USSR collapse under attack

Why do Russian MPs want to put Gorbachev on trial?
15 April, 2014 - 11:13

Russian politicians seem to have spread their wings after the occupation of Crimea. As is known, Vladimir Putin believes that Ukraine’s secession from the USSR was “not very legitimate.” We also heard the odious Vladimir Zhirinovsky officially suggest that Poland, Hungary, and Rumania partition the territory of Ukraine. Now State Duma members are demanding that Mikhail Gorbachev be put on trial for his role in the collapse of the USSR.

According to Izvestia, representatives of various factions have prepared an interpellation to Prosecutor General Yury Chaika. They think prosecutors should check up on the events that occurred when the USSR was disintegrating. The MPs hope that the checkup will be followed by criminal cases, including one against the last Soviet leader.

Gorbachev himself said in an Interfax interview that the calls of some State Duma members were sheer nonsense and a personal publicity stunt. “They like it when they are spoken of and their names are mentioned, but this call is absolutely ill-considered and groundless from the angle of historical facts. That I am standing in someone’s way is proved by the fact that there have been several reports in the past 20 days that I am dead. These people have no conscience,” the ex-president said.

Why did the Russian MPs show this initiative? What does it mean? What would Gerhard Schroeder, who closely cooperated with the Kremlin for many years, say to this?

COMMENTARIES

“THIS IS PARTLY CONNECTED WITH FAILURE TO IMPLEMENT A PLAN TO ESTABLISH THE EURASIAN COMMUNITY AS A QUASI-UNION”

Viktor MIRONENKO, leading research associate, Institute of Europe, Russian Academy of Sciences; historian; statesman and public figure of Russia and Ukraine:

“It is difficult for me to comment on these MPs, for I am a historian, not a psychoanalyst. I can call this nothing but stupidity. Essentially, Mikhail Gorbachev was a much needed person for the post-Soviet elite. They could always blame all their stupidities and sometimes even crimes, including destruction of a union state in which radical transformations were underway, on Gorbachev, and they were actively doing this. As that state’s leader, Gorbachev is formally responsible for everything. But he is not guilty of either the collapse of the USSR or, all the more so, of what happened later – robbery of the common heritage under the guise of privatization on an unprecedented scale. His accusers forget that not all the witnesses of what was really going on at the time are dead. For example, I am alive and ready to testify at any court and, first of all, the court of history that it is the Russian nomenklatura that bears the lion’s share of the blame for all this. I would also remind the honorable MPs that their predecessors at the Supreme Soviet of the Russian Soviet Federative Republic almost unanimously (with seven voting against if I am not mistaken) voted for the dissolution of the USSR.

“Why are the honorable deputies having an acute phase now? I think this is partly connected with failure to implement a plan to establish the Eurasian community as a quasi-union. As is known, Ukraine refused to take part in this. This caused the Kremlin too much pain because it changes the scale of the project – without Ukraine, it is an Asian-European, rather than a Euro-Asian, union. The economic weight will also be entirely different.

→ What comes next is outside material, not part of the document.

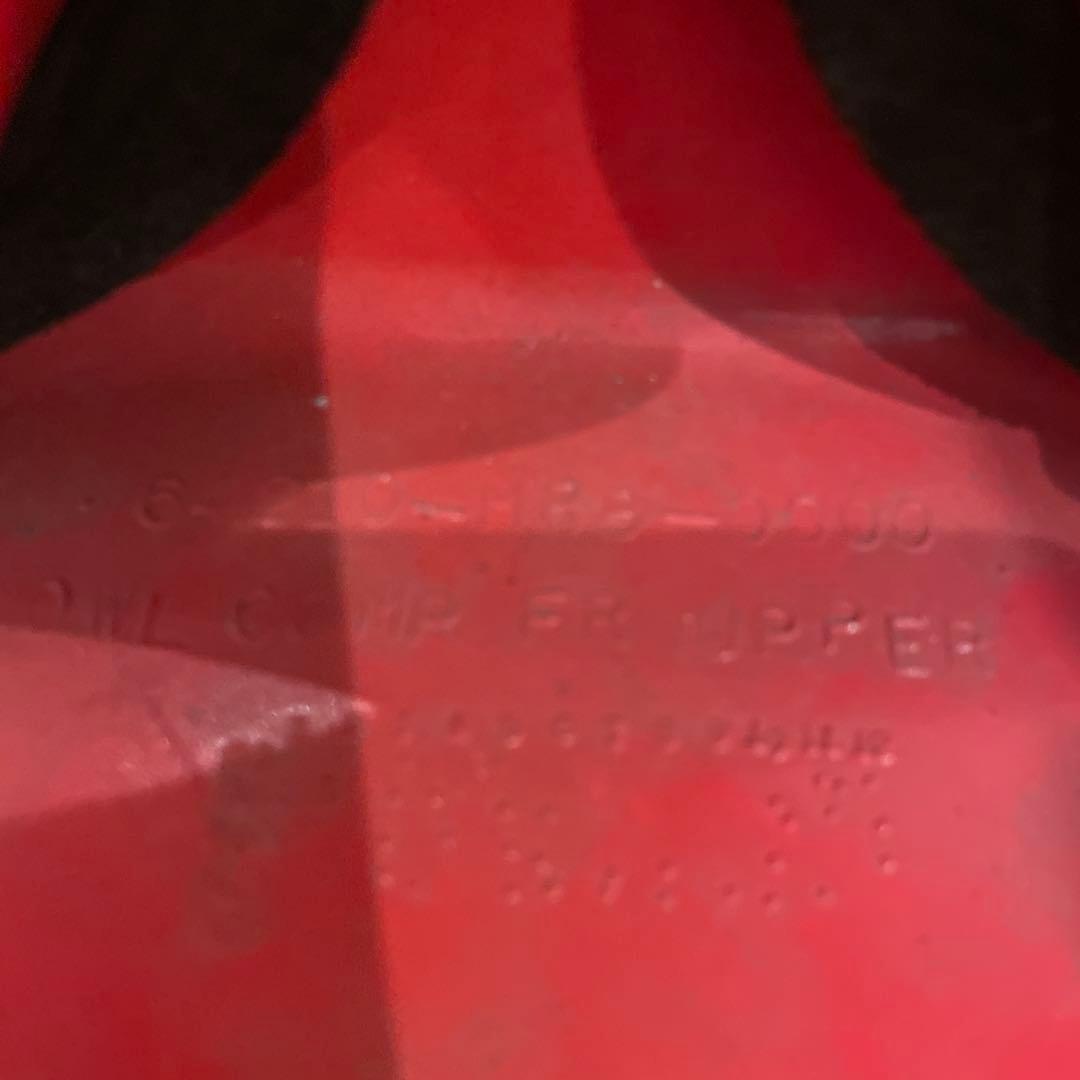 HONDA vfr400NC30アッパーカウルヒビあり横浜から直接引き取り大歓迎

“Russian MPs’ claims to Russia being the sole successor to the USSR are absolutely out of place. Whatever one may think, all the former constituent republics are successors to the Soviet Union. But the Soviet Union was different in different times. It is only Ukraine (and perhaps to some extent Georgia) that is today the successor of the Soviet Union in the perestroika era, when we sought a way out of the ideological, political, and economic deadlock. There is an absolutely different situation in the Baltic states, for they are now in the European Union, and the West always treated them as occupied territories rather than part of the USSR. But Ukraine, in its difficult and dramatic search of a way to the future as a free, democratic, and rule-of-law state, is successor to the perestroika-era Soviet Union.

“Which Soviet Union do these MPs consider themselves successors to? I don’t think they mean the Gorbachev-time Union. Their appeal is also a reaction of nostalgia. I don’t think it is justifiable. There may be different attitudes to the role of Mr. Gorbachev in our contemporary history, but he is one of the most prominent political figures associated with changes, disappointments, etc. All the more so that he is seriously ill today, and, even in just human terms, it is a caddish action that amply exposes not Gorbachev but the people who can do this kind of things.”

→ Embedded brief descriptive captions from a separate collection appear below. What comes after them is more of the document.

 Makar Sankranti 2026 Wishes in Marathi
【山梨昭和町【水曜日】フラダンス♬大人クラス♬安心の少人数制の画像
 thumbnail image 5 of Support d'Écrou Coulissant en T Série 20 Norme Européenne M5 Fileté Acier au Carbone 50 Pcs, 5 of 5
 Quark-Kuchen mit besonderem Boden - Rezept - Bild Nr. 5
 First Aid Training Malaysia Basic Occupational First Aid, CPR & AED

“A CONCILIATORY POSITION OF SOME GERMAN POLITICIANS IS INCITING RUSSIA TO CONFRONTATION”

Andreas UMLAND, Candidate of Science in History and Political Science, associate professor at the Political Science Department of Kyiv Mohyla Academy:

“The way the Russian leadership is pursuing its foreign policy results from the economic situation in the country. The economy is heading for a slump. Putin is unable to solve the perpetual problem of corruption. In these conditions, he needs to find a new groundwork to legitimize his authoritarian regime. As the regime cannot be legitimized by way of free elections, he is searching for other options. Until recently, economic growth was the legitimization – social benefits, an economic success based on fuel price hikes. When this short-lived economic success fizzled, he began to seek other ways, such as confrontation with the West, the occupation of Crimea, and an aspiration to restore the Soviet Union.

“This is dangerous because it upsets not only the sovereignty of Ukraine, but also the entire architecture of the world order and security that emerged after the end of the Cold War. This also impairs the nuclear nonproliferation system. There was a well-known memorandum of 1994. The price of this change is high for Ukraine, Europe, and the whole world. I think the West will impose, after all, serious sanctions on Russia, which will have a very negative effect on Putin.

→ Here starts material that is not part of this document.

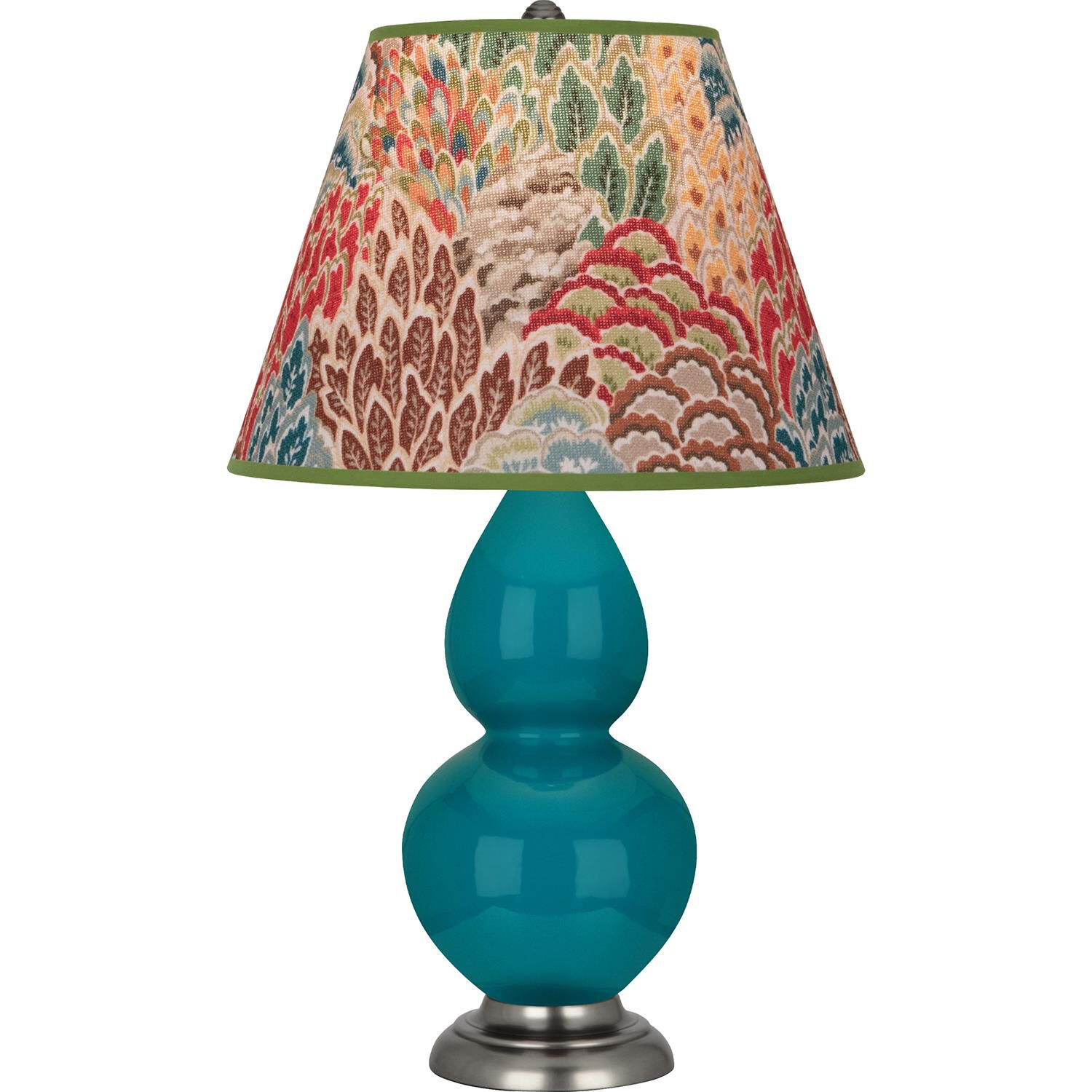 Small Double Gourd 23 Inch Table Lamp by Robert Abbey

“As for Mr. Schroeder’s cooperation with the Russian leadership, I cannot justify such actions. In a way, it is corruption. When Mr. Schroeder was the chancellor, he paved the way for building the Nord Stream and when he abandoned politics, he became chair of the shareholders’ committee of Nord Stream AG. Now he supports Putin, as do other representatives of the Social Democratic Party of Germany. This may be also put down to the fact that people are afraid of a new war and want to improve relations with Russia. A part of German public opinion and politicians consider it necessary to hold negotiations with Russia, listen to it, and engage it in all the processes of Ukraine’s integration into Europe in order not to vex it. On the other hand, this conciliatory position is only inciting Russia to confrontation.”